Comware

 View Only
  • 1.  5140 spurious overtemp traps - hotspot 6 on both stack members (not simultaneously)

    Posted Aug 08, 2024 09:25 AM
    Edited by HZ55 Aug 08, 2024 10:07 AM

    We have spurious overtemp traps on 5140 - hot spot 6.

    %Aug  8 13:20:03:301 2024 sw5140 DEV/4/TEMPERATURE_ALARM: -Slot=2; Temperature is greater than the high-temperature alarming threshold on slot 2 sensor hotspot 6.
    %Aug  8 13:20:43:300 2024 sw5140 DEV/5/TEMPERATURE_NORMAL: -Slot=2; Temperature changed to normal on slot 2 sensor hotspot 6.

    I happened to be able to login at 13:20:55   and disp environment showed  the temperature went down already to 51 degrees from 96 or more.

    I wonder whether these alarms are useful/realistic or just noise (EDIT: in the latter case it may be a hw issue perhaps).

    This short timeframe suggests I would have to take snmp samples quite often if I wanted to get a clearer picture.

    Or may be I should have the trap trigger some intensive polling for a minute or so.
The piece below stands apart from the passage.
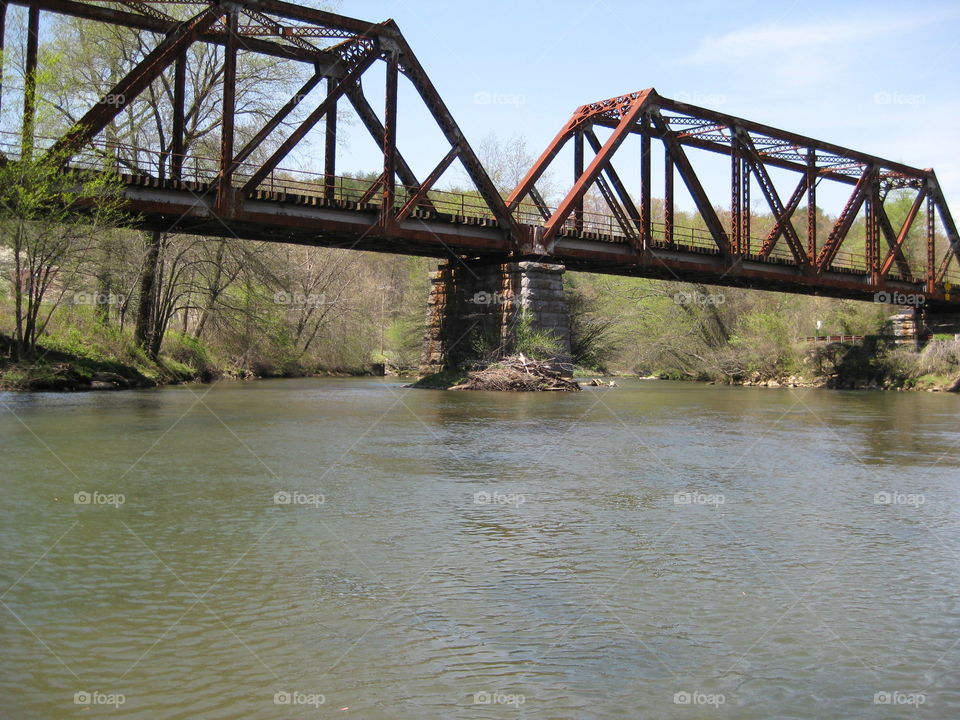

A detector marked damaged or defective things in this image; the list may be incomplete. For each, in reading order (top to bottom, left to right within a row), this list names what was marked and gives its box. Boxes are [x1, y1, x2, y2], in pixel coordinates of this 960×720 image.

rusty steel truss [1, 2, 960, 312]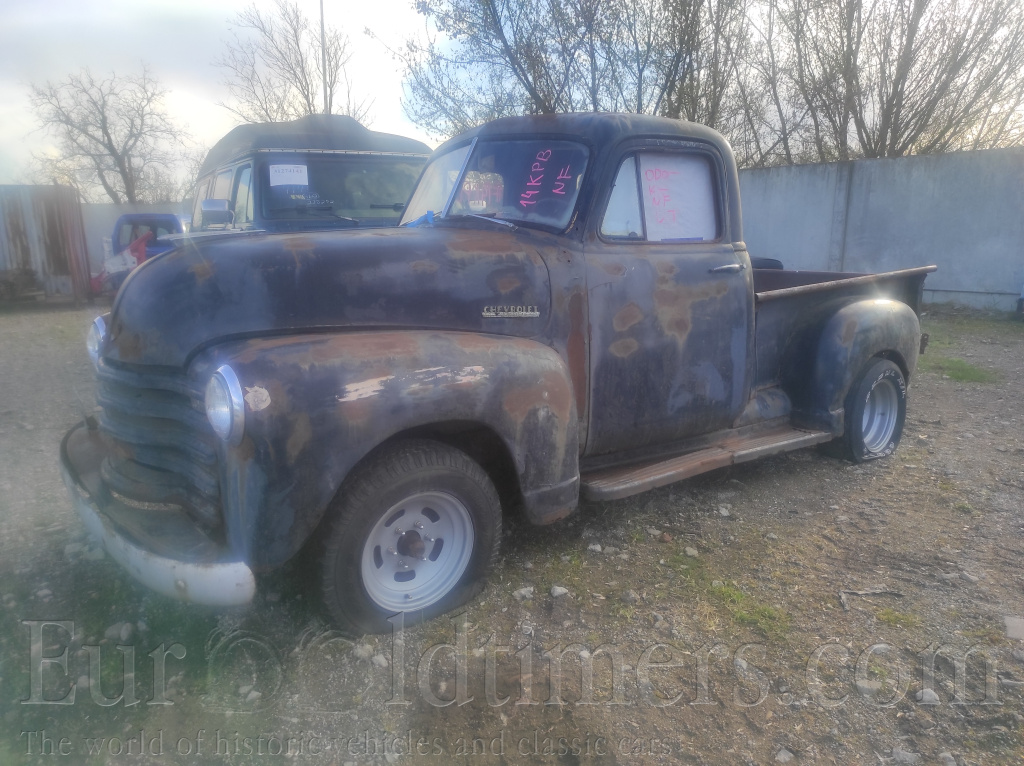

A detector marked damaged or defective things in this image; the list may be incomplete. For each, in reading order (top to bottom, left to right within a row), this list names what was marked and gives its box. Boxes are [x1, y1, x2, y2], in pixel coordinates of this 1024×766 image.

rusty chevrolet truck [60, 114, 932, 636]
    This IRF stack of two has this may be once or twice a week. The room is airconditioned at 18°C and there is nothing blocking the fans or so. Only hotspot 6 is affected on each but it does not happen at the same time. The device are still fairly new.

    There are no features enabled that would suggest a high cpu load. I have no idea whether hotspot 6 is cpu related.

    And we do not see this in the same way elsewhere on on 5140.

    Any comments / opinions ?  



  • 2.  RE: 5140 spurious overtemp traps - hotspot 6 on both stack members (not simultaneously)

    Posted Sep 24, 2024 09:20 AM

    We still have this. I am just gathering this across all 5140. This is not so rare in the set of 5140 which we have deployed - also for customers. 5130 never had this.

    The hotspot can only be taken from the log not the trap information so I try to get a bigger picture from our syslog receiver.

    The alarm is gone after 40s. This may be a standard polling timeframe, I am not sure. So the temperature could in theory be gone even quicker. 




  • 3.  RE: 5140 spurious overtemp traps - hotspot 6 on both stack members (not simultaneously)

    Posted Sep 25, 2024 05:20 AM
    Edited by HZ55 Sep 25, 2024 06:29 AM

    I have been hinted on a fix for mistaken temperature alerts in an upcoming version not on the portal yet. 

    So my theory is correct and we can just wait until it shows up.